At least one in five working-age families in most UK constituencies – including in Liz Truss’s seat – would lose out by hundreds of pounds on average if real-terms benefit cuts go ahead, a study has found.
The scale of the impact of a below-inflation rise on already struggling households and by extension, local shops and businesses, is revealed in a study by the Joseph Rowntree Foundation (JRF). It would amount to the biggest-ever real terms cut to benefits in a single year.
The findings will increase pressure on the prime minister to stick to promises made by her predecessor, Boris Johnson, to guarantee benefits would rise next April in line with September inflation – about 10% – rather than by the rise in earnings figure of 6%. This real-terms cut would deliver around £5bn in savings to the Treasury.
Dozens of backbench Tory MPs are understood to be prepared to rebel over real-terms benefits cuts, while a number of cabinet ministers – including Penny Mordaunt and Robert Buckland – have also signalled their opposition.
The JRF analysis shows seven out of 10 MPs represent areas where at least 20% of households are reliant on universal credit and other means-tested benefits.
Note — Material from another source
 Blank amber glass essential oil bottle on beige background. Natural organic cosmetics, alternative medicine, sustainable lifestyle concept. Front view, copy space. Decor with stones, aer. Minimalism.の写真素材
These include 193 Conservative seats, including a number of key marginals where over a third of working-age families would be affected by a cut.
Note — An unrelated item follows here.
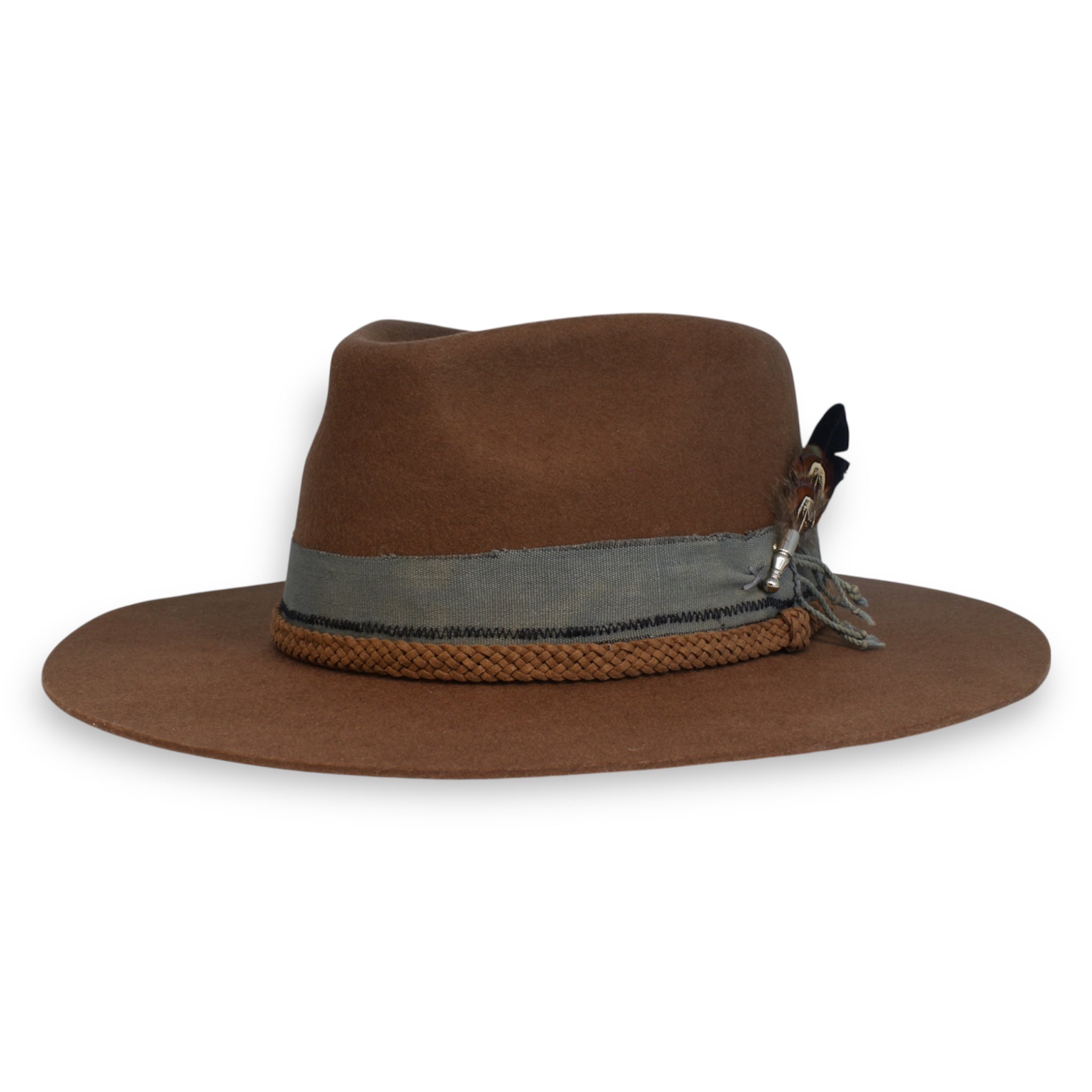 Brown fedora with a simple textile band, braided leather band, and feathers in a silver feather pin made by House of Hatters.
“Politicians should think long and hard about the impact of withholding hundreds of pounds from thousands of families in their constituencies when the basic rate of benefits is already at its lowest in real terms for 40 years and prices are sky-high,” said Katie Schmuecker, JRF’s principal policy adviser
Families in ”red wall” seats in one-time Labour strongholds taken by the Conservatives at the last general election would be particularly badly affected by real-term benefit cuts. They include Blackpool South, where nearly half (46%) of households stand to lose out, Burnley (38%), and Redcar (33%).
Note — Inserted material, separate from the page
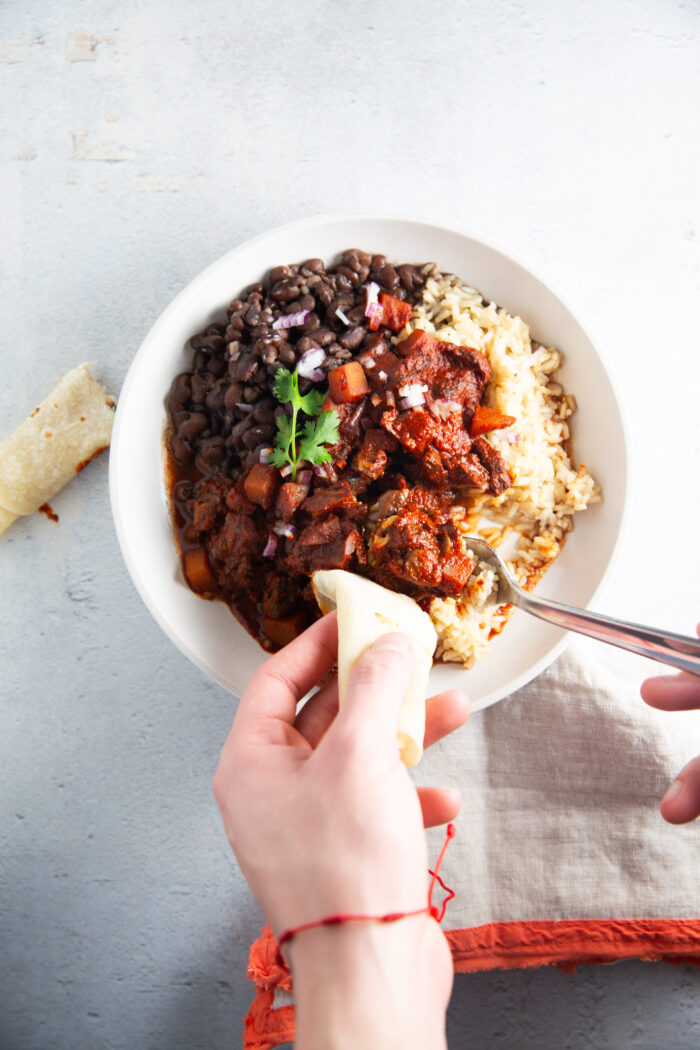 A person enjoying a bowl of black beans and rice.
Just under 9,000 families on means tested benefits in Truss’s South West Norfolk constituency – 21% of the total – would see their income hit by hundreds of pounds, while 9,000 households (23%) in Norwich North, held by the welfare secretary, Chloe Smith, would lose out.
The very worst affected areas already suffer from high poverty rates. They include Birmingham Hodge Hill, where 61% of working-age households are in receipt of mean-tested benefits, Bradford West (57%), Belfast West (56%), Bradford East (51%) and Belfast North (50%).
The JRF analysis shows that even in the most affluent constituencies at least one in 10 households are on means-tested benefits. It has estimated average net loss to the poorest tenth of the population resulting from raising benefits in line with earnings would be £214 a year once personal tax changes are factored in.
A real-terms cut in benefits would increase the numbers of UK households in poverty by 450,000 next April, according to estimates by the conservative Legatum thinktank, increasing the overall number of people below the breadline to 16 million.
Jonathan Ashworth, the shadow welfare secretary, said: “This analysis reveals how devastating more real-terms cuts to universal credit will be for millions of households – pushing more children into poverty up and down the country.”
A Department for Work and Pensions spokesperson said: “The secretary of state commences her statutory annual review of benefits and state pensions from late October using the most recent prices and earnings indices available.”